Growth, lack of infrastructure causing traffic headaches for Grovetown residents

Mayor hopes for help from new sales tax

 EDITOR'S NOTE: An earlier version of this story misidentified Grovetown Mayor George James.

 

A home on Grovetown’s Rob­inson Avenue seemed a perfect opportunity when Michelle Davidson’s husband was stationed at Fort Gordon five years ago.

The two-lane road leading south out of town ends at Fort Gordon’s Gate 2 – an ideal commute of less than a mile.

But the Davidsons weren’t aware of the volume of traffic that flows and often comes to a standstill right at their driveway until after they moved in.

“The Realtor was smart. She didn’t show us the house during peak (traffic) hours,” Davidson said over the growl of log trucks.

The Davidsons join a chorus of complaints about the commuter traffic that clogs Robinson Avenue for two to three hours in the morning and in the afternoon as soldiers and civilians travel between Fort Gordon and home. Those who live in the neighborhoods that line Rob­inson Avenue characterize rush hour as a “headache.”

The concern of residents dealing with daily traffic logjams is that the continued growth of Grovetown, much of it influenced by growth at Fort Gordon, has not been matched by a corresponding improvement in infrastructure.

A traffic study by the Geor­gia Department of Trans­portation estimates that, on average, 12,690 vehicles traveled Robinson Avenue between Hollingsworth Drive and Martha’s Way every day in 2011 – a 51 percent increase over five years before.

“I’m wondering where this traffic is going,” said Carla Clemons, a teacher who has lived in the Summerfield neighborhood for 16 years. On the mornings that traffic backs up more than normal, she texts her supervisors pictures of the gridlock as an excuse for being late.

Census numbers show the population in the small town on Columbia County’s eastern border has grown 84 percent in the past 10 years, from 6,089 in 2000 to 11,216 in 2010. In the past five years, at least four new subdivisions have been completed, representing more than 450 homes, and there’s much more to come.

Robinson Avenue is lined with bright signs advertising projects under development. On the sliver of Robin­son Avenue that juts into Richmond County, the McCoy’s Creek subdivision and its 59 lots are under construction. Richmond County has also approved 13 acres at the southwest corner of the Gordon Highway intersection for a shopping center called Grovetown Centers.

“We’ve had tremendous growth and we’re in the area of Columbia County where growth is coming,” Grovetown Mayor George James said.

The city has anticipated the growth where possible, including installing a new 750,000-gallon water tank and improving water lines along Robinson Avenue.

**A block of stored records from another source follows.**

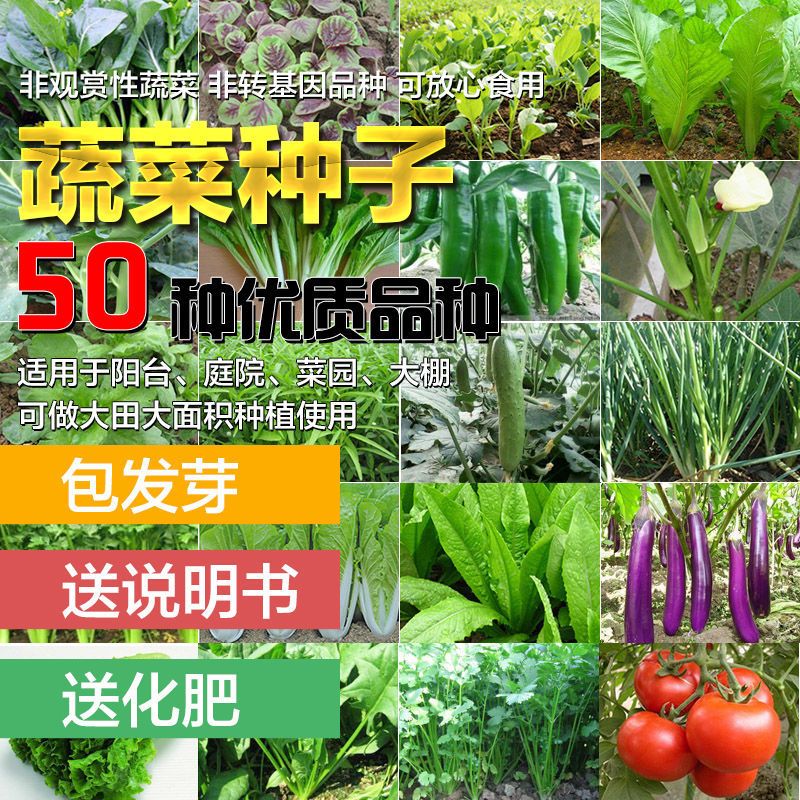 四季播种50款蔬菜种子青菜白菜西红柿小葱黄瓜种阳台盆栽花草菜籽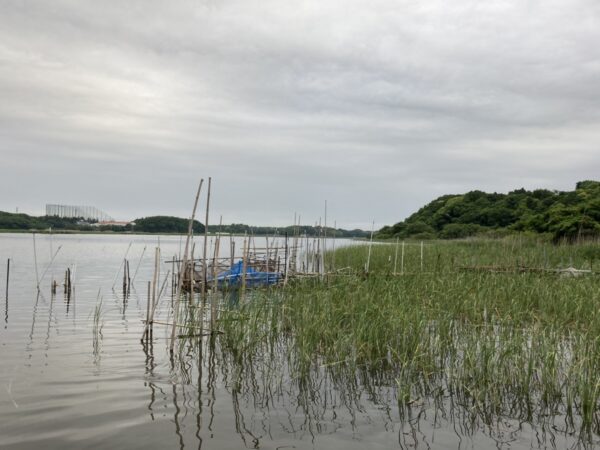 牛久沼5月のバス釣りを深堀りしておく 牛久沼たまや22年5月大会 ナマローブログzero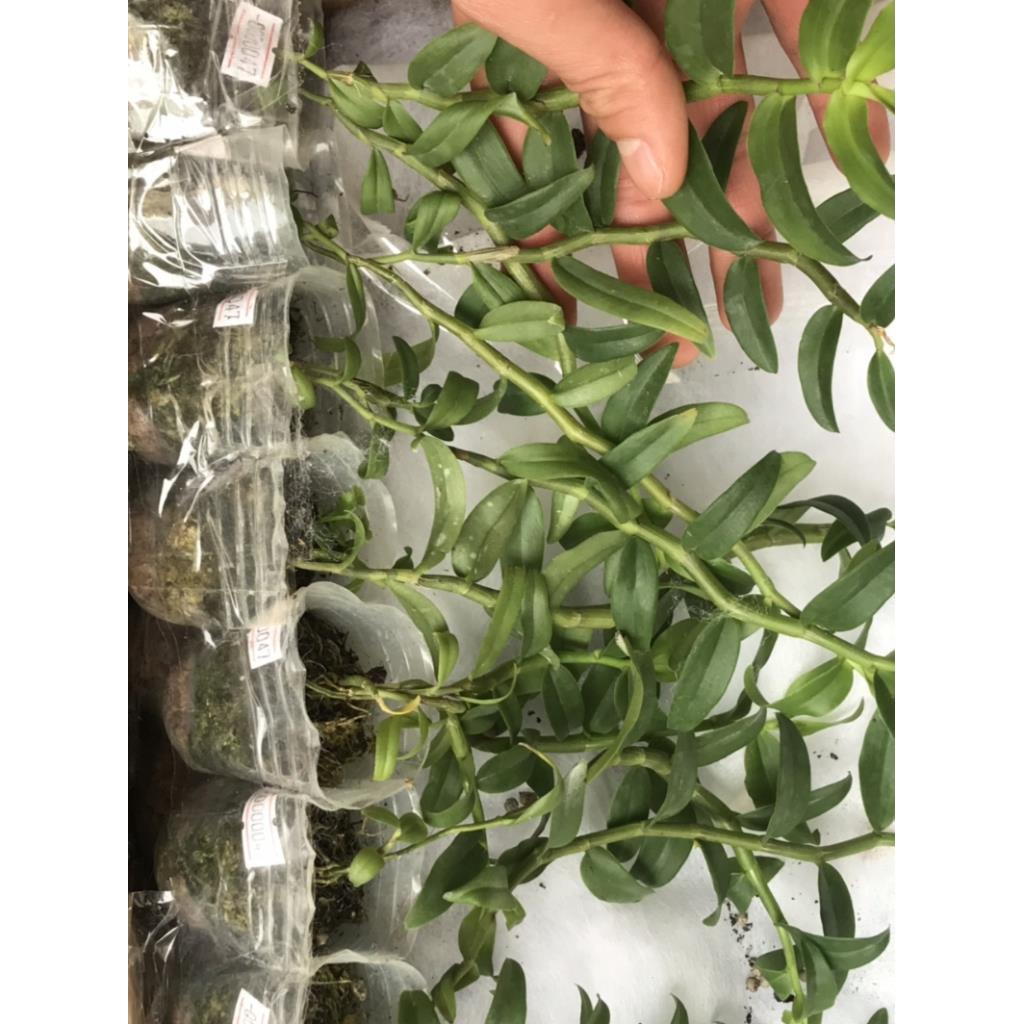 Dã hạc hồng ngọc côc tư 1đên 2 thân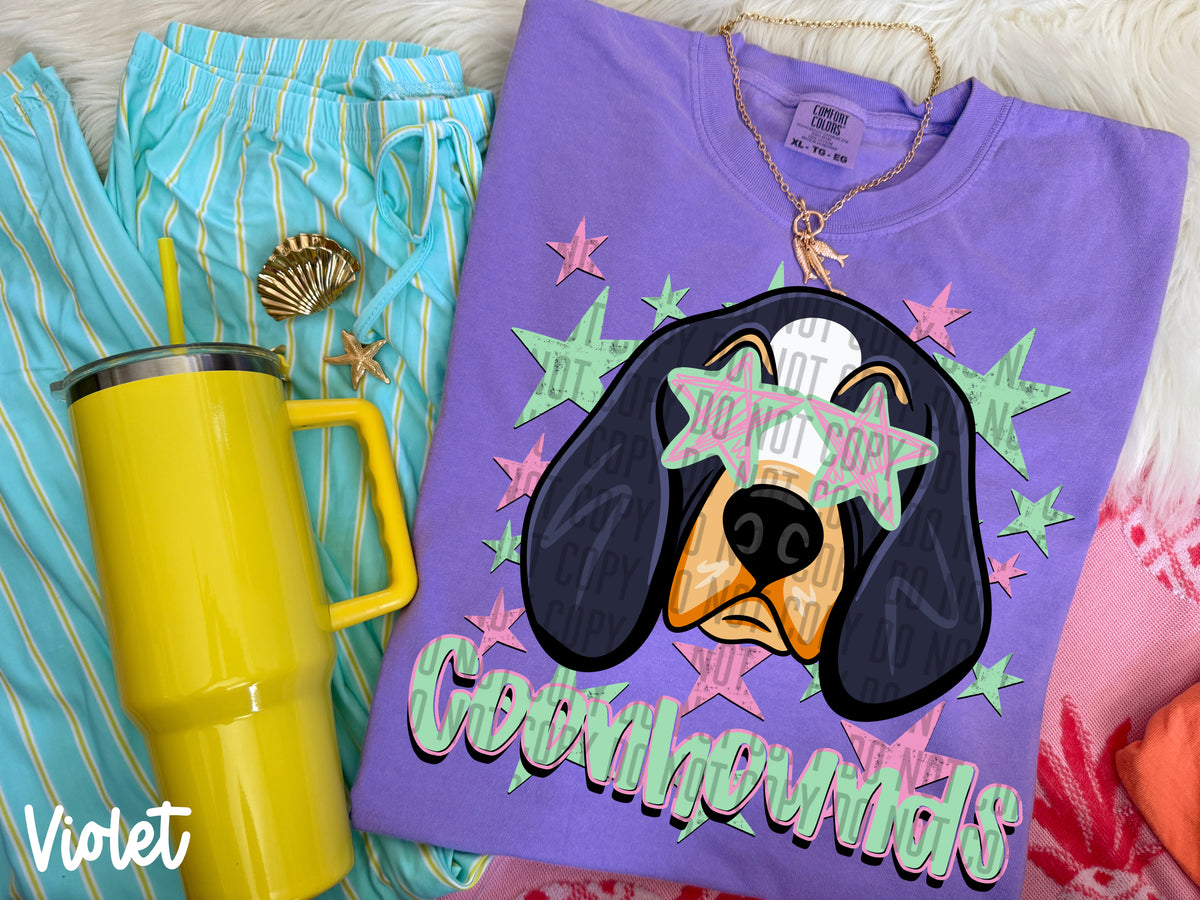 coonhounds starry eyed (Caplinger) DTF Transfer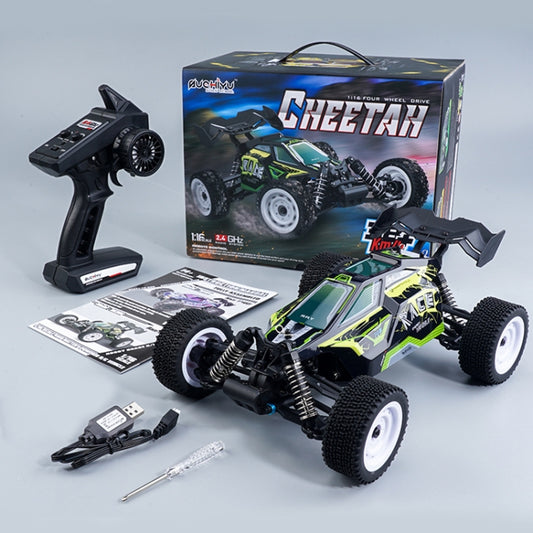 SCY-16201 2.4G 1:16 Electric 4WD RC Racing Off-road Vehicle Car Toy (Green) by bashfashion
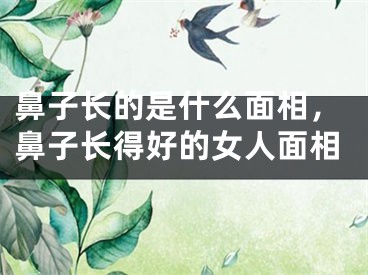 鼻子长的是什么面相，鼻子长得好的女人面相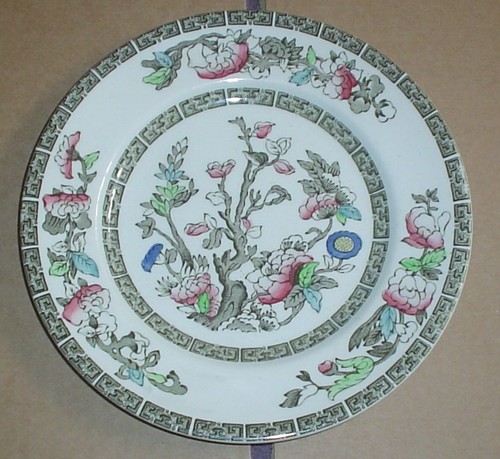 Masons indian tree - masons,
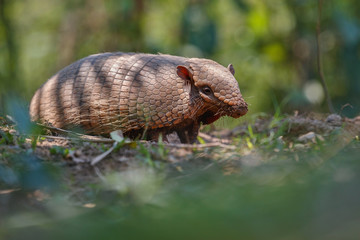 Armadillo in the nature habitat of brazilian forest, euphractus sexcinctus, amazing creature, south american wildlife, beauty of nature, wild in pantanal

But improving Robinson Ave­nue, which is also State Road 223, takes approval and coordination with the Geor­gia Department of Trans­portation.

James is banking on the July 31 transportation special purpose local option sales tax referendum for help with Robinson Avenue. If approved by the 13-county region that includes Richmond and Columbia counties, it would add a one-cent sales tax for transportation projects. By state estimates, Grove­town would receive just more than $147,000 in 2013 if approved.

James said it would still be two to three years before any changes would happen on Robinson Avenue, but it wouldn’t come in the form of widening; the cost of buying the properties abutting the road is prohibitive. Instead, James anticipates more turn lanes and traffic-calming measures.

“We’re taking it seriously and putting things in place,” he said.

The private sector’s rush to build homes around Fort Gordon is in response to the Army post’s continued growth. The National Security Agency’s new facility opened in March and is expected to produce 4,000 jobs. Other cyber and communications missions
are expected to arrive in the coming years, adding more jobs and families to the area.

“In the future, Fort Gor­don anticipates an increase in traffic on Robinson Ave­nue due to planned expansion of several units on Fort Gordon,” Lt. Col. Hollis Bush, the director of Fort Gordon’s emergency services, said in an e-mailed response to questions.

With that in mind, several measures have been implemented by military officials to improve the flow of traffic through Gate 2. These include working with the Trans­por­tation Department to extend the time of the traffic light at Gate 2 and opening Gate 3 farther down Gordon Highway to noncommercial civilians. An automated entry access control system is being installed at all gates.

While the changes might improve the flow of traffic, it won’t take away the volume. Davidson installed an extra deadbolt at the top of her door when she moved to Robinson Avenue to keep her children from slipping outside. She’s resigned to the fact that traffic is only going to get busier.

“It makes me a nervous wreck,” she said.